* Supplied data
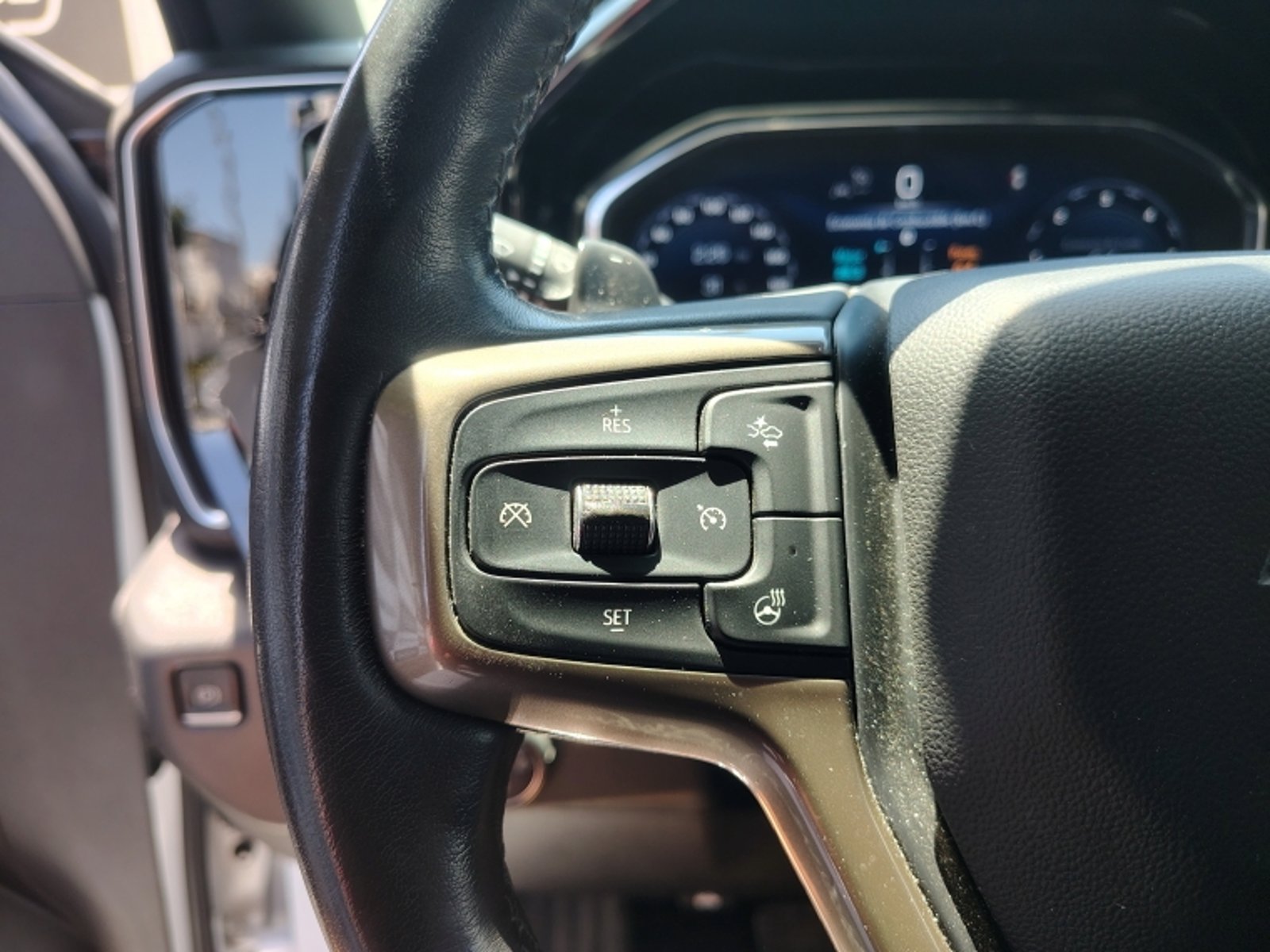 CHEVROLET SILVERADO 3.0 TD HIGH COUNTRY AT 4X4 DIESEL 2023 - Imagen 19 de 20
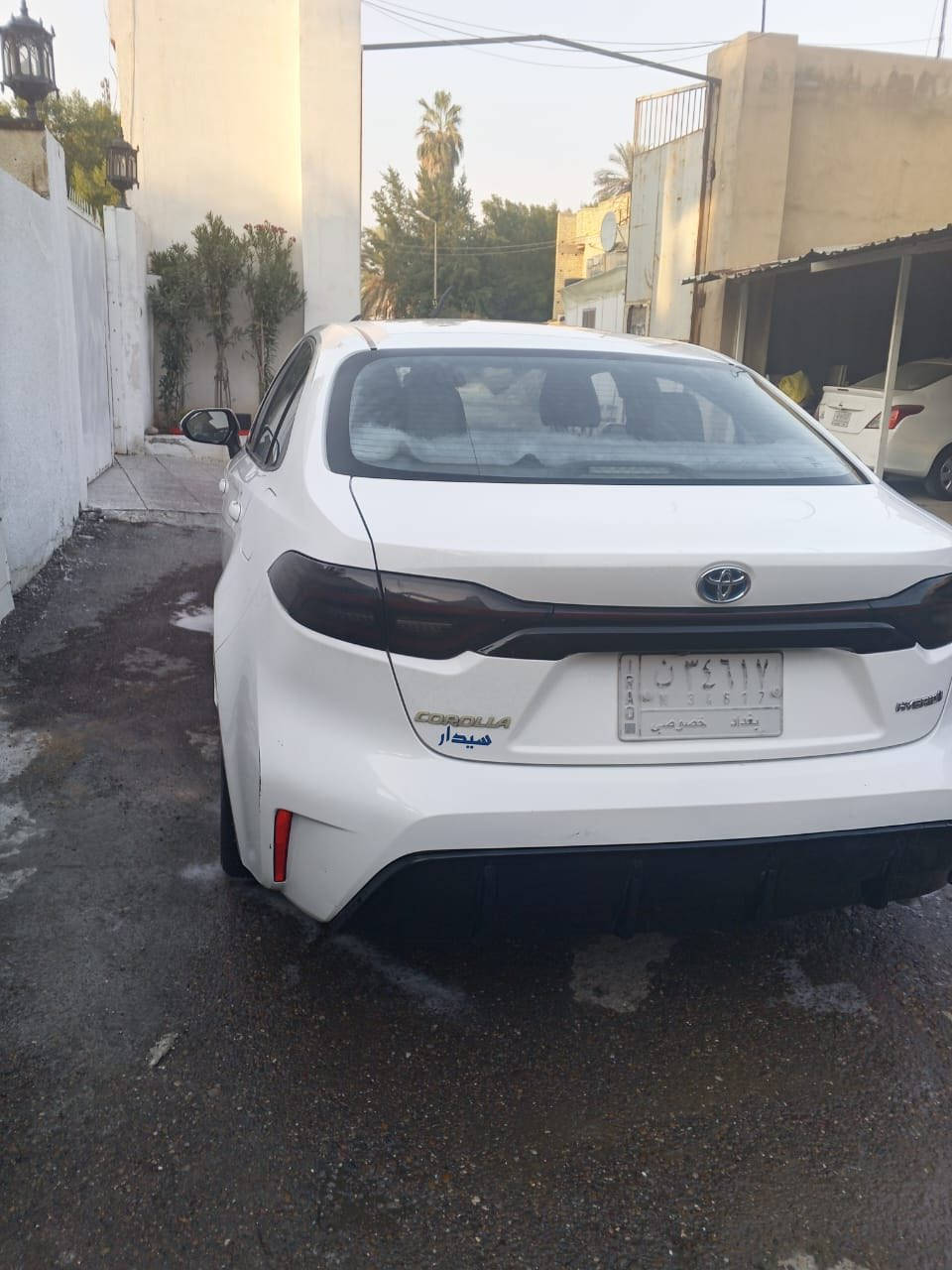 السلام عليكم مكلف بنشر هاذه رقم صاحب السيارة*********** كورلا هاي ابرد موديل 2023السياره كفاله عامه بيه هاي طخه خفيفه بلباب الصدر  رقم بغداد بسمي السعر 143وبيه مجال شكل المريكي
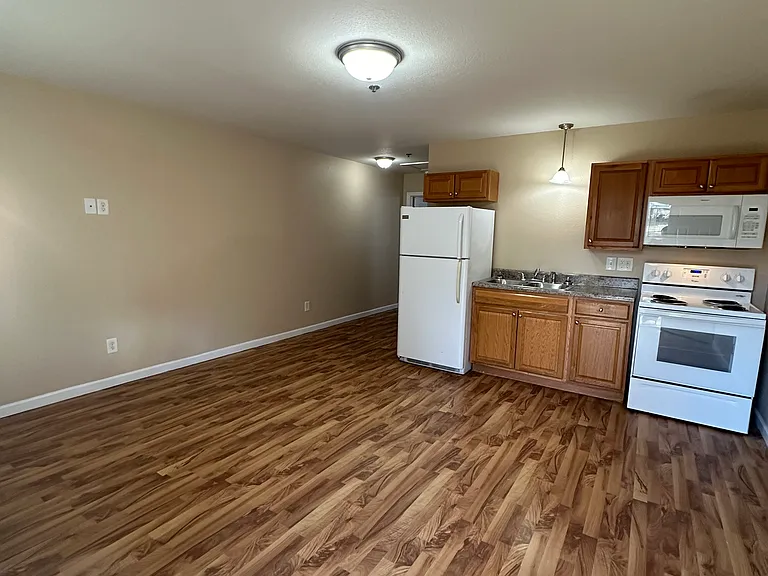 1 bed, 1.0 bath, $775 — Photo 3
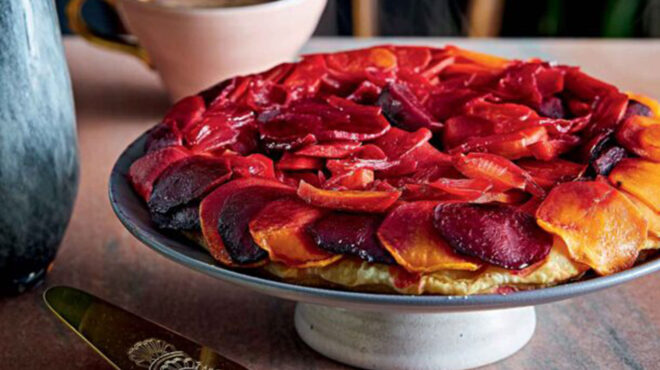 aνάποδη-τάρτα-με-γλυκοπατάτες-και-παντ-562829770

* Assignment
Beginning with the line that holds "1 bed, 1.0 bath, $775 — Photo 3", extract every line to the end of the material, exactly as it stands, and drop the pictures.

* Solution
 1 bed, 1.0 bath, $775 — Photo 3
 aνάποδη-τάρτα-με-γλυκοπατάτες-και-παντ-562829770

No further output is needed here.